We have 100 matrices with ``3 * 3 * 3 = 27`` values each so that gives ``27 * 100 = 2700`` weights. This is a magnitude of ``100`` less than the fully connected layer with 100 units! Nevertheless, as we will see, convolutional networks work very well for image data. This illustrates the expressiveness of convolutional layers.

Question 3

What, do you think, will be the effect of adding a convolutional layer to your model (see below)? Will this model have more or fewer parameters? Try it out.
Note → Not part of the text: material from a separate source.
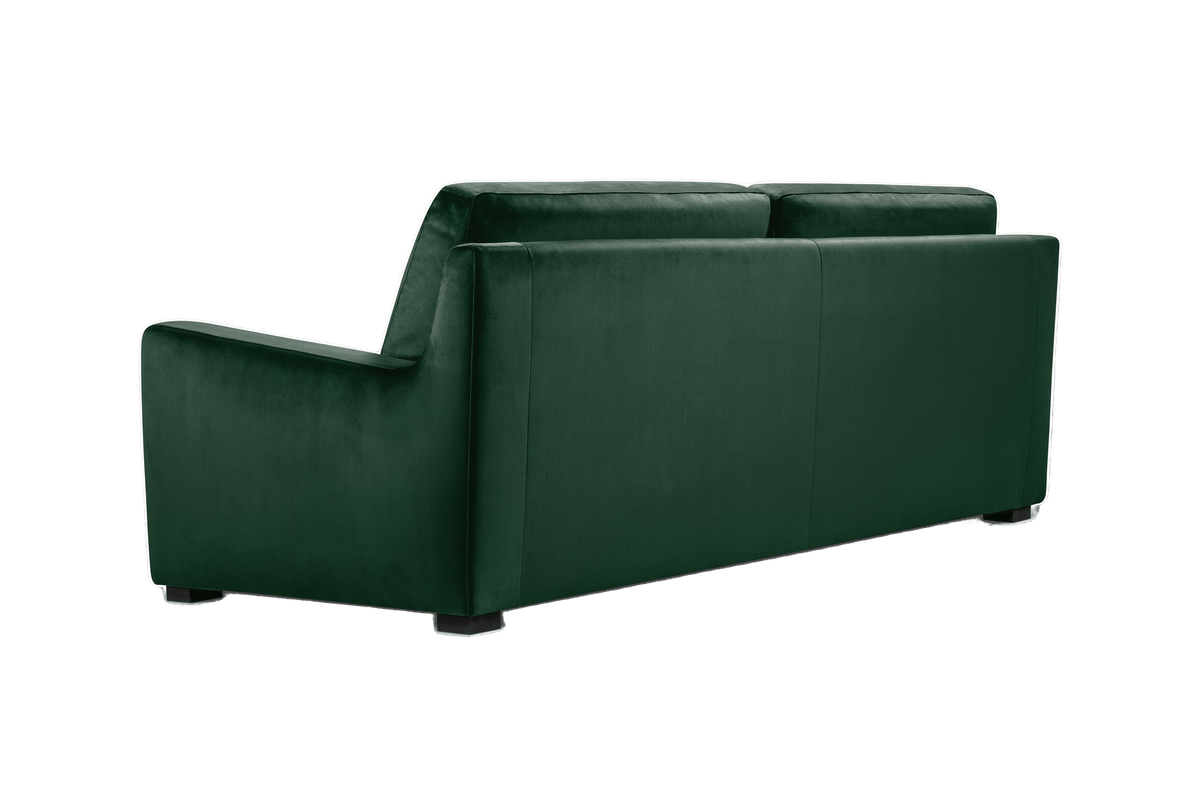 [BG REMOVED] this is a product image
Create a model that has an additional Conv2d layer with 32 filters after the last MaxPooling2D layer. Train it for 20 epochs and plot the results.

inputs = keras.Input(shape=train_images.shape[1:]) x = keras.layers.MaxPooling2D((2, 2))(x) x = keras.layers.Conv2D(32, (3, 3), activation=’relu’)(inputs) x = keras.layers.Conv2D(32, (3, 3), activation=’relu’)(x) x = keras.layers.MaxPooling2D((2, 2))(x) # Add your extra layer here x = keras.layers.Flatten()(x) x = keras.layers.Dense(32, activation=’relu’)(x) outputs = keras.layers.Dense(10)(x)

Model: "cifar_model"
 Layer (type)                 Output Shape              Param #
 input_4 (InputLayer)         [(None, 32, 32, 3)]       0
 conv2d_6 (Conv2D)            (None, 30, 30, 32)        896
 max_pooling2d_4 (MaxPooling2 (None, 15, 15, 32)        0
 conv2d_7 (Conv2D)            (None, 13, 13, 32)        9248
 max_pooling2d_5 (MaxPooling2 (None, 6, 6, 32)          0
 conv2d_8 (Conv2D)            (None, 4, 4, 32)          9248
 flatten_3 (Flatten)          (None, 512)               0
 dense_6 (Dense)              (None, 32)                16416
 dense_7 (Dense)              (None, 10)                330
 Total params: 36,138
 Trainable params: 36,138
 Non-trainable params: 0

The number of parameters has decreased by adding this layer. We can see that the conv layer decreases the resolution from 6x6 to 4x4, as a result, the input of the Dense layer is smaller than in the previous network.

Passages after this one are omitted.